One rather striking detail that is immediately noticeable about many WWII combat aircraft, regardless of which nation fielded them, is the fact that they were painted in camouflage color schemes.
While some military aircraft are still painted with camouflage color schemes today, such patterns are nowhere near as widespread and prevalent as they were on the military aircraft of WWII – the aircraft of which were painted in camouflage hues ranging from browns, drab greens, and other earth tones to grays, blues, black and even, in the seemingly counterintuitive color scheme of British spy planes, pink.
The first question many people ask when it comes to aircraft being painted in camouflage color schemes, especially those involving earth tones such as browns, olives, and drab green tones, is why?
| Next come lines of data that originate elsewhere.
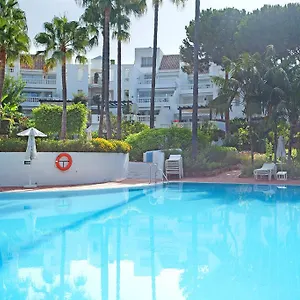 White Pearl Elviria Marbella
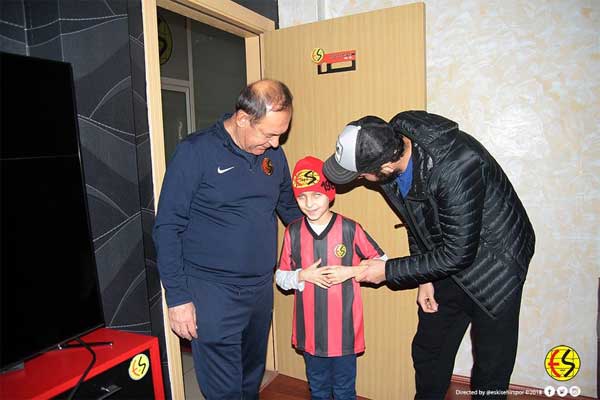 Spor Toto 1. Lig ekiplerinden Eskişehirspor'un görme engelli taraftarı 11 yaşındaki Mehmet Salih Karadağ, hayranı olduğu futbolcularla buluştu.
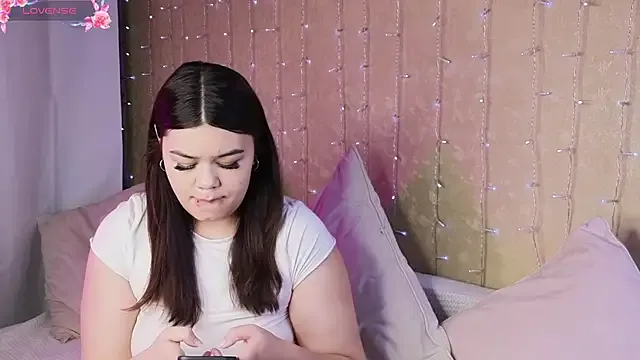 Olivka_bb on StripChat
Camouflage paint schemes in these colors and tones certainly make sense for ground-based vehicles like tanks, jeeps or army transport trucks, but why would such colors be needed for vehicles intended to operate in the sky?
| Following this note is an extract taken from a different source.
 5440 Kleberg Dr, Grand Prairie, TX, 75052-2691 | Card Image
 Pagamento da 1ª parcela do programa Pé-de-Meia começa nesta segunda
The answer, at least for the first part of the Second World War, when air superiority was hotly contested, was that the planes needed to be protected when they were at their most vulnerable – on the ground.
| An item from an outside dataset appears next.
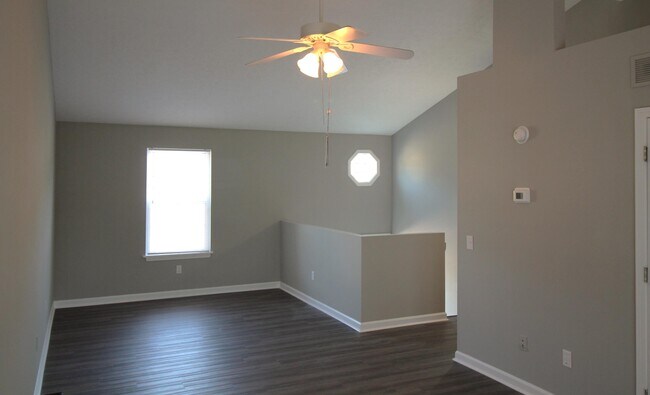 Foto del edificio - 312 Lakeview Dr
Military aircraft were expensive investments, costly and time-consuming to produce, and thus of immense value both as assets and targets. An enemy aerial bombing raid over an airfield or airbase, where dozens of planes could be targeted and destroyed in a matter of minutes, could prove disastrous.
However, as laser-guided weaponry only began to be used in the 1960s, and smart bombs and missiles from the 1990s onwards, in WWII bombs were guided by what the human eye was capable of seeing. An effectively camouflaged aircraft on the ground could be nigh on invisible unless the attacking pilot was flying rather low to the ground – which would put him at risk from anti-aircraft defenses.
Each nation participating in the war had its own specific camouflage paint schemes for the various types and models of aircraft it fielded. These were so numerous, particular and specific, in fact, that entire books have been written on the subject.
To (very crudely) sum up such a vast array of color schemes and patterns, numerous models of fighter planes were generally painted with earth tones – an array of browns, tans and greens – on top. Their undersides were painted in tones that would blend in more with the sky when seen from the ground: flat tones of gray or blue, rather than the disruptive patterns of the tops of the planes.
Various models of bombers, which often operated at night, were sometimes painted differently than fighters. Their undersides, or in some cases their entire bodies, would be painted black, in order to provide camouflage against the night sky. As the war progressed, however, some bombers had their undersides painted in lighter hues, to blend in with the glow of light pollution from the cities below them.
Perhaps the most interesting camouflage color scheme was that of the British Royal Air Force’s photo-reconnaissance Spitfire planes, which were painted pink. Not neon pink, of course, but a pale and subtle hue of pink.
These planes, which were unarmed (to save weight so that they could fly faster and farther) and equipped with cameras, needed to fly quickly into and then out of enemy territory, and the pink tone used was actually ideal for camouflaging them against dawn or dusk skies. Indeed, they could maintain near invisibility beyond 300-600 feet under the right conditions, which was more than enough to get in and out of hostile territory virtually undetected.
In the latter years of the war, attitudes toward camouflage paint on planes began to change. After the Allies achieved definitive air superiority, they began to paint their planes more simply, or do away with paint altogether.
Since they had achieved air superiority, there was little danger of their planes being bombed, and thus camouflaging them against the ground was no longer necessary. This applied to American aircraft in particular, many of which were stripped of paint completely or, for those produced in the latter years of the war, simply not painted in the factory, and covered only with a coat of wax or clear lacquer.
Unpainted airplanes had an advantage over their painted counterparts: they were lighter. Not by a great degree, but for a small fighter, a weight loss of a few dozen pounds equated to faster speeds in the air (which was further enhanced by better aerodynamics without the drag created by matte paint), greater maneuverability, and the capability to fly farther.
On larger planes, particularly the biggest bombers with a large surface area to cover, forgoing a coat of paint could save a few hundred pounds, which meant that a larger payload of bombs could be carried. By the end of the war, a large portion of American airplanes had either had their paint removed, or had come out of the factory unpainted.
While camouflage paint on military aircraft did generally fall out of fashion after the Second World War – especially with the improvement of radar systems, as well as the introduction of heat-seeking missiles – it was never completely abandoned, as its usefulness in terms of disguising aircraft on the ground from human eyes above is as pertinent now as it was during WWII.
Even with the types of advanced, technologically-enhanced camouflage methods that are employed today, such as computer-controlled active camouflage panels, multi-spectral camouflage, and digital camouflage, the usefulness of good old camouflage paint schemes to fool the human eye is still used on a number of military aircraft across the world.